Let $f$ be a $2 \pi$ periodic function on $\mathbb{R}$, with Fourier-coefficients $c_k$ and $\sum |c_k|$ exists. Let $ I$ be the integral of $f$ on $[0, 2 \pi]$. Define fore every $N \in \mathbb{Z}_{>0}$ the Riemann-sum as: $$ R_N := \frac{2 \pi}{N} \sum_{n=0}^{N-1} f\left(\frac{2 \pi n}{N} \right)$$ Show that $I= 2 \pi c_0$ and that $$ R_n = 2 \pi \sum_{l = - \infty}^{\infty} c_{_{l N}}$$
I've tried to solve this problem but I'm stuck.

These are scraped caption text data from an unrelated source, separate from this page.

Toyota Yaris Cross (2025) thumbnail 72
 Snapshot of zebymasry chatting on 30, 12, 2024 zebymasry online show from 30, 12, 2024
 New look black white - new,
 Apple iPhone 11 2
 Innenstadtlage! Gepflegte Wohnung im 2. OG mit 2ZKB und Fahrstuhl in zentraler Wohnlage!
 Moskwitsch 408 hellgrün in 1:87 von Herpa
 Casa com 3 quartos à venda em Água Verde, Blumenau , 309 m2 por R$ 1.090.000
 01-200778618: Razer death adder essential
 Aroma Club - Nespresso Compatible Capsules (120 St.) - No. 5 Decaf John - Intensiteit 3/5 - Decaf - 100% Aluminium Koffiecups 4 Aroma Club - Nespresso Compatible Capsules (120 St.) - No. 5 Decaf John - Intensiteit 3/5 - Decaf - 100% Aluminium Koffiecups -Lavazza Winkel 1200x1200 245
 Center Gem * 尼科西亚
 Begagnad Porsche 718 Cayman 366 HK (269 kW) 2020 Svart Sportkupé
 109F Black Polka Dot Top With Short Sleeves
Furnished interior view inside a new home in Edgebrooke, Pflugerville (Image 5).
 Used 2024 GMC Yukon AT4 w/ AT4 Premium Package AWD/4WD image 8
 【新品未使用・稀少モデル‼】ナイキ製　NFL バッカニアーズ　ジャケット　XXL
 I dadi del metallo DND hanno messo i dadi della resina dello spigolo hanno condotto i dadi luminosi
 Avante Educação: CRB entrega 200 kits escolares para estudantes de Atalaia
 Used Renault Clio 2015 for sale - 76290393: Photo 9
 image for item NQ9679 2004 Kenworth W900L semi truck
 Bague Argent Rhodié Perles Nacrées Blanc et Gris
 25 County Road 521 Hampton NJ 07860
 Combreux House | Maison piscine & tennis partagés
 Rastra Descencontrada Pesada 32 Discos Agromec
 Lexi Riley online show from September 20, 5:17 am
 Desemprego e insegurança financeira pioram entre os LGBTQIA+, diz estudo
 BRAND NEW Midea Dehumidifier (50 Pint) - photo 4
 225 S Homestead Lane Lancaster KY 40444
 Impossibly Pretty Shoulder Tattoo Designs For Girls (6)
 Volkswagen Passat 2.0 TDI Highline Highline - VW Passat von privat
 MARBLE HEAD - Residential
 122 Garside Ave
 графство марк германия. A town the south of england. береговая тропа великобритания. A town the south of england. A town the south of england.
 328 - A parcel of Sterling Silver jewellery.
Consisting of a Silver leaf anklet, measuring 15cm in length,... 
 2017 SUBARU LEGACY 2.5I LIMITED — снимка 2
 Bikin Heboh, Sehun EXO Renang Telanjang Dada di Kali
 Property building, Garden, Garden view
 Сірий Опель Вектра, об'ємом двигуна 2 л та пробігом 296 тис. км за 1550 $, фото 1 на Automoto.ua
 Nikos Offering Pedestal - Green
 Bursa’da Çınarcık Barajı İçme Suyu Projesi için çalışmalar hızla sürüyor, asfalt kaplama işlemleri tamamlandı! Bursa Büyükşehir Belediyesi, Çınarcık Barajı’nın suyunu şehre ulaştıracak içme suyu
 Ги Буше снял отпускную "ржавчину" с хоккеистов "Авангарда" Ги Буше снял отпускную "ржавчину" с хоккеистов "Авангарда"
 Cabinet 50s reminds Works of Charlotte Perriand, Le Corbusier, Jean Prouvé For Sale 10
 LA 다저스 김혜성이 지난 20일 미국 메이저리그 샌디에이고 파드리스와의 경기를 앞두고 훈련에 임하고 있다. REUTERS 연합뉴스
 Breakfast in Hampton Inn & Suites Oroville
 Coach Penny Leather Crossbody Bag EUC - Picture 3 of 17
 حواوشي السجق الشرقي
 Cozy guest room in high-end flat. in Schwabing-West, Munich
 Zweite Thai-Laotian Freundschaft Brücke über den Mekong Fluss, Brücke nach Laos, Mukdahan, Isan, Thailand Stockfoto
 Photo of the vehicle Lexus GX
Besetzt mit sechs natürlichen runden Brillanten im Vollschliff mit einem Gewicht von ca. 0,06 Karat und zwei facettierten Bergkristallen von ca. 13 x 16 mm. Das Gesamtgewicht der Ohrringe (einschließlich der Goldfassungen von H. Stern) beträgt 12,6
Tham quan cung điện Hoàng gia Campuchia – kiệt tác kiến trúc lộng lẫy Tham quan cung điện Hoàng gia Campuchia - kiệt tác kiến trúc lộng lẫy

Obviously $I=2 \pi c_0$ follows from the definition of $c_0$, so this is very easy. But then I don't know how to show the other property. There is an hint which tells me to substitute the fourier-series of $f$ in $R_N$ and then look at the cases that $\frac{k}{N} \in \mathbb{Z}$ and $\frac{k}{N} \in \mathbb{R} \backslash \mathbb{Z}$.
I tried to use that if $\frac{k}{N} \in \mathbb{Z}$, then $ e^{i 2 \pi n \frac{k}{N}} = 1$, but then I'm stuck at what to do with $\frac{k}{N} \in \mathbb{R} \backslash \mathbb{Z}$.
First, write $f$ evaluated at the relevant points in terms of its Fourier expansion:
$$ f\left(\frac{2 \pi n}{N}\right) = \sum_{l=-\infty}^{\infty} c_l \exp(i2\pi nl/N) $$
Then, write the Riemann sum:
\begin{align*} R_N &= \frac{2 \pi}{N} \sum_{n=0}^{N-1} f\left(\frac{2 \pi n}{N}\right) \\ &= \frac{2 \pi}{N}\sum_{n=0}^{N-1} \sum_{l=-\infty}^{\infty} c_l \exp(i2\pi nl/N) \\ &= \frac{2 \pi}{N} \sum_{l=-\infty}^{\infty} c_l \sum_{n=0}^{N-1} \exp(i2\pi nl/N) \end{align*}
Hint: The sum over $n$ is geometric when $l$ is not a multiple of $N$. What is the value of this sum in this case? What is the value when $l$ is a multiple of $N$?